ハバス・ジャパンは、グーグルに勤務していた三石バンデラス竜二氏をマネージングディレクターに任命した。
7年半にわたってハバス・ジャパンCEOを務めていたスティーヴン・コックス氏は、北アジア地域担当バイスチェアマン及びチーフインテグレーションオフィサーに昇格する。
バンデラス氏は2014年、ビーコンコミュニケーションズからグーグルに転職。最近までクリエイティブ部門の責任者を務めていた。ハバスでどの分野に注力していくかとの問いには、「まだ正式に就任していない」ことを理由に回答を避けた。新体制は来週から発足する。
同氏は、「グーグルの持つクリエティビティーの文化をハバスに導入したい」と語る。「ハバスは比較的小さい組織なので、実験的アプローチが可能です」。
ハバスに魅力を感じた理由の1つとして、ユニバーサルミュージックなどのメディア・エンターテインメント企業を所有するヴィヴェンディグループに買収されたことを挙げる。
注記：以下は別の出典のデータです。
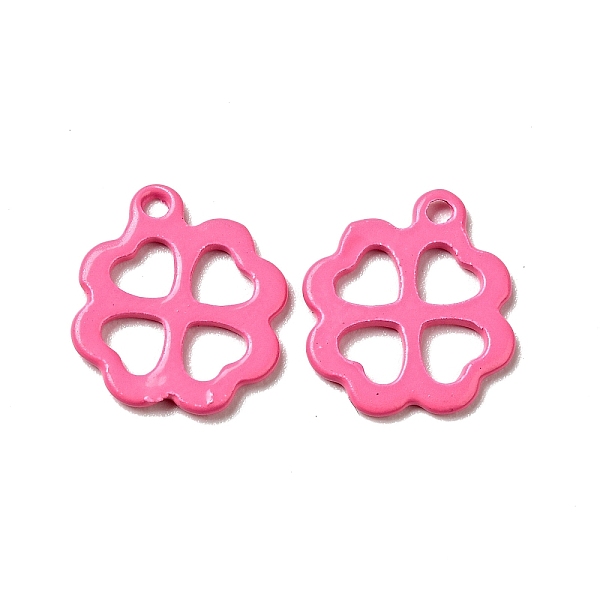

PandaHall Spray Painted 201 Stainless Steel Charms, Clover Charms, Hot Pink, 12x11x1mm, Hole: 1.2mm 201 Stainless Steel Clover
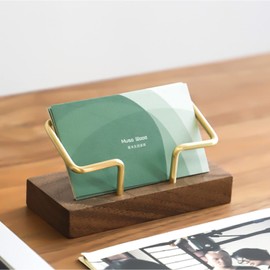 Muso Wood Business Card Stand, Wooden Business Card Stand, Large Capacity, Business Card Case, Tabletop, Business Card Holder, Display, Card Stand, Office, Business Card Holder, Desktop Card Holder (Holds 75 Cards) (A, Walnut)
「両社が協働することで、エージェンシーに新たな可能性が開ける」。
コックス氏は、日本・韓国市場でヴィヴェンディとハバスの事業の統合に専念する。また、「日本のイノベーションを他市場に展開するチャンス」とも。ヴィヴェンディの特徴を生かし、「広告に対する考え方を『メッセージの配信』から『エンターテインメントの手法』へと変えていきます」。
「広告とは消費者にリーチし、創造的刺激を与えること。日本には、ケーススタディとなる新たな分野を築く条件が揃っている」とコックス氏。
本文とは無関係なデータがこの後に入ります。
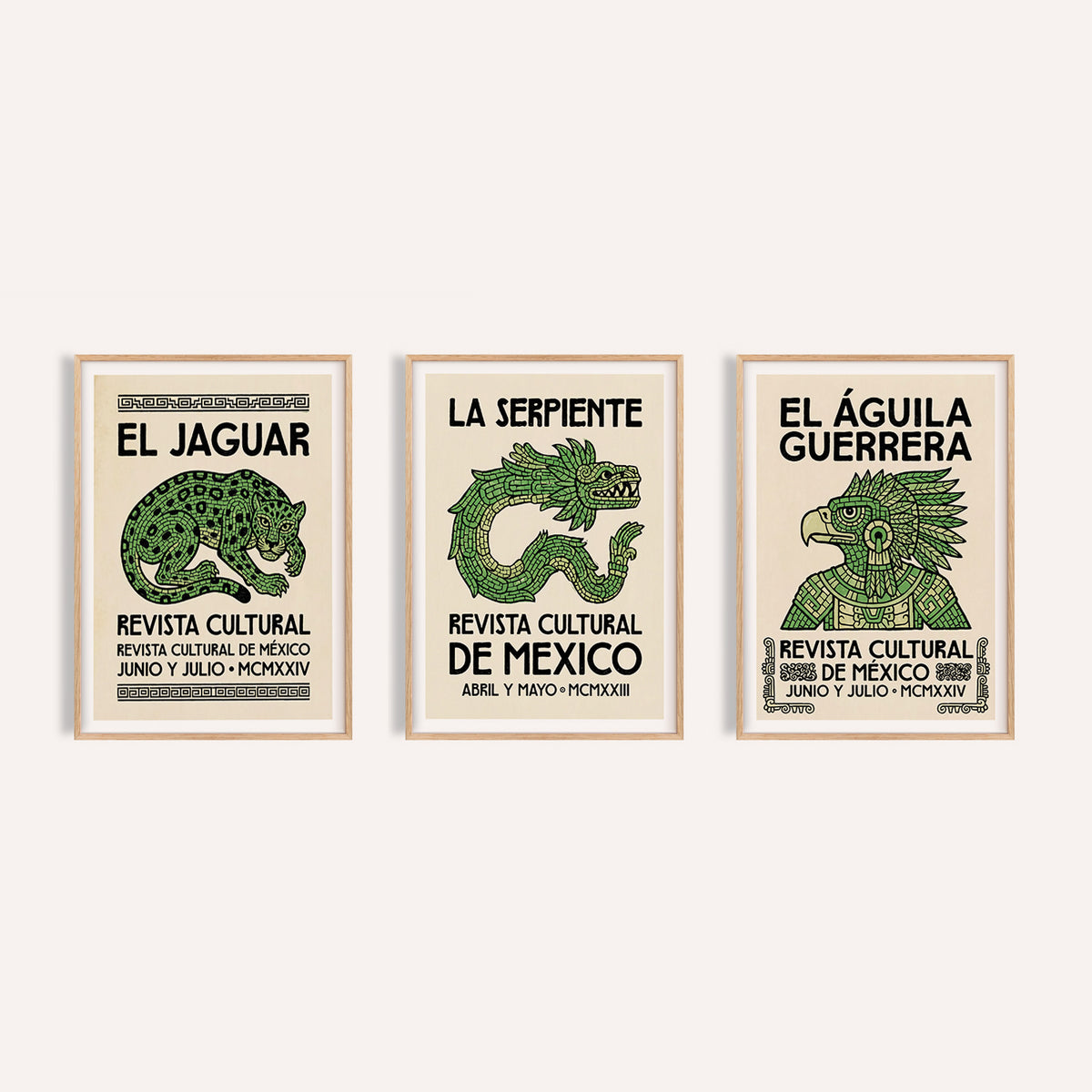 Mexican folk art gallery set prints with illustrations of a jaguar, serpent, and eagle on a beige background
ハバスの日本におけるクライアントは、エールフランスや仏酒造大手ペルノ・リカール、プジョーやシトロエンを傘下に収めるグループPSAなど。日本企業との長期契約は今のところないが、アジア太平洋市場拡大担当役員で北アジア担当チェアマン及びCEOのレベント・グエネス氏は「国際的ブランドかどうかではなく、地域に根付いたブランドに注力していく」と語る。
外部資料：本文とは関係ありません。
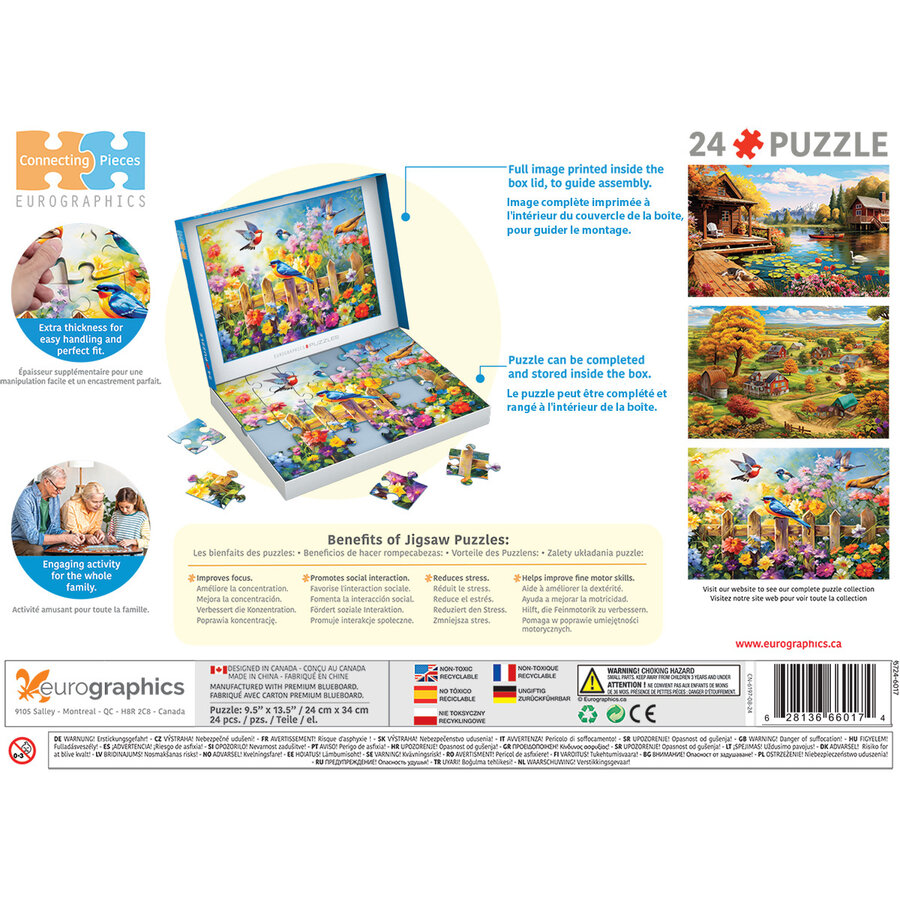 Playful Garden Birds - Connecting Pieces - frame jigsaw puzzle of 24 pieces-4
ハバスも他の外資系エージェンシー同様、日本での存在感は小さい(社員は42名)。それでも日本には、「その経済規模に見合う多くのビジネスチャンスがある」とグエネス氏。ヴィヴェンディとの協働で新たなブランドとの接点も増え、「以前は我々に興味を持たなかったブランドが関心を持ってくれるようになりました」。
新体制が日本のハバス・メディアや韓国・ハバスの日常業務に影響を及ぼすことはないという。